McCoy, who will co-host an afternoon programme on the channel, said comparisons between GB News and Fox News were “unfortunate”.
Speaking to PA news agency ahead of the station’s launch, McCoy said: “I think it will be a more friendly approach to news. We’re not a news channel in the sense of Sky News or the BBC, because we can never do what they do, we’re not going to be telling you what’s happening in all corners of the globe, and nice polished packages that go with that.
“We’re much more about getting a feel of what matters to people and reflecting that.”
He added: “I think we need to talk about things that others find uncomfortable, or perhaps too difficult or fearing to tread where they may touch some nerves.
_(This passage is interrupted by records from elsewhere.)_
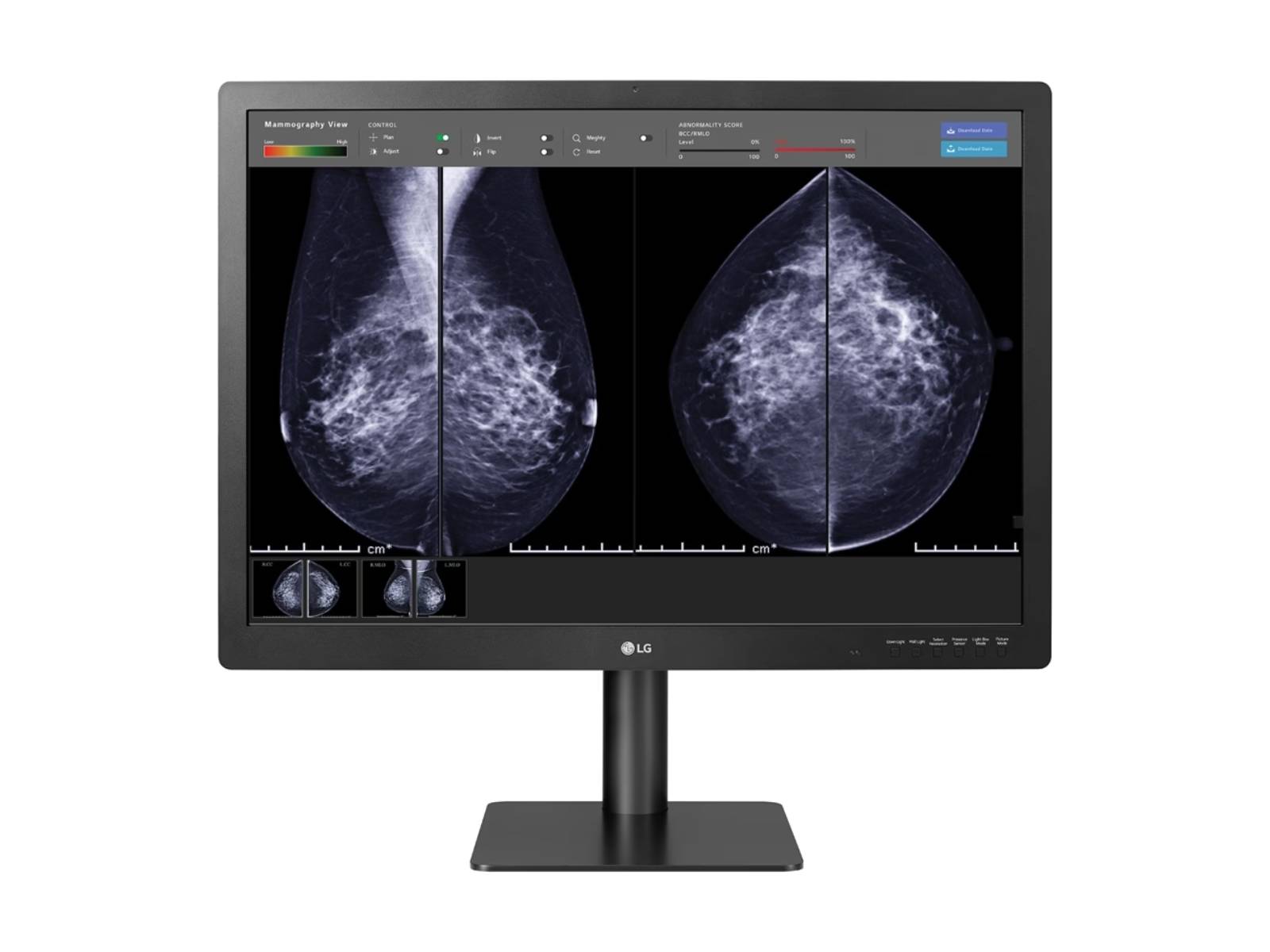 Monitor Médico LG 31HN713D-B 12MP – 31.5" – Color – Radiología Diagnóstica DICOM (2)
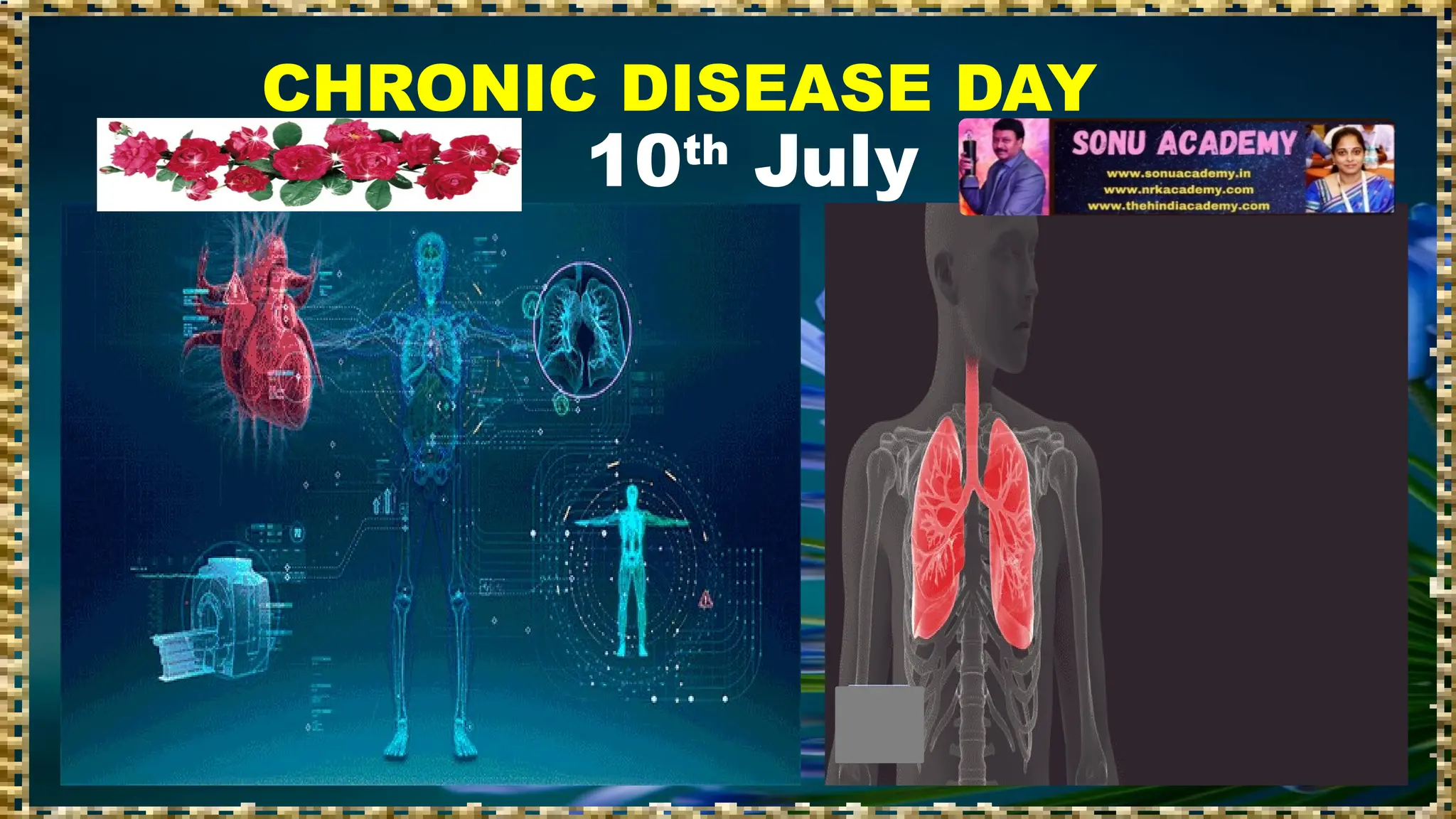 10th
July
CHRONIC DISEASE DAY
 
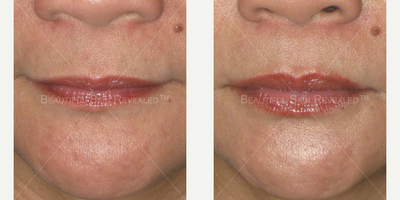 Lip Fillers before and after photo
“I don’t think we’ll be afraid to tread anywhere. And if there’s one particular story that we know people are talking about, we’re gonna stick with it. And we’ll take people’s calls, we’ll talk to them and if there are people that they have questions to ask, we’ll try and get them on air to answer them.”
BBC media editor and former Independent editor Amol Rajan has also suggested the comparison between GB News and Fox News is “limited”, though he noted the British channel “is the first to be set up with an explicit political leaning”.
Adam Baxter, director of standards and audience protection at the regulator Ofcom, has also described the station as offering an “unapologetically partisan, right-of-centre take on events”.
GB News is available on Sky on channel 515, Freeview channel 236 and Virgin Media channel 626.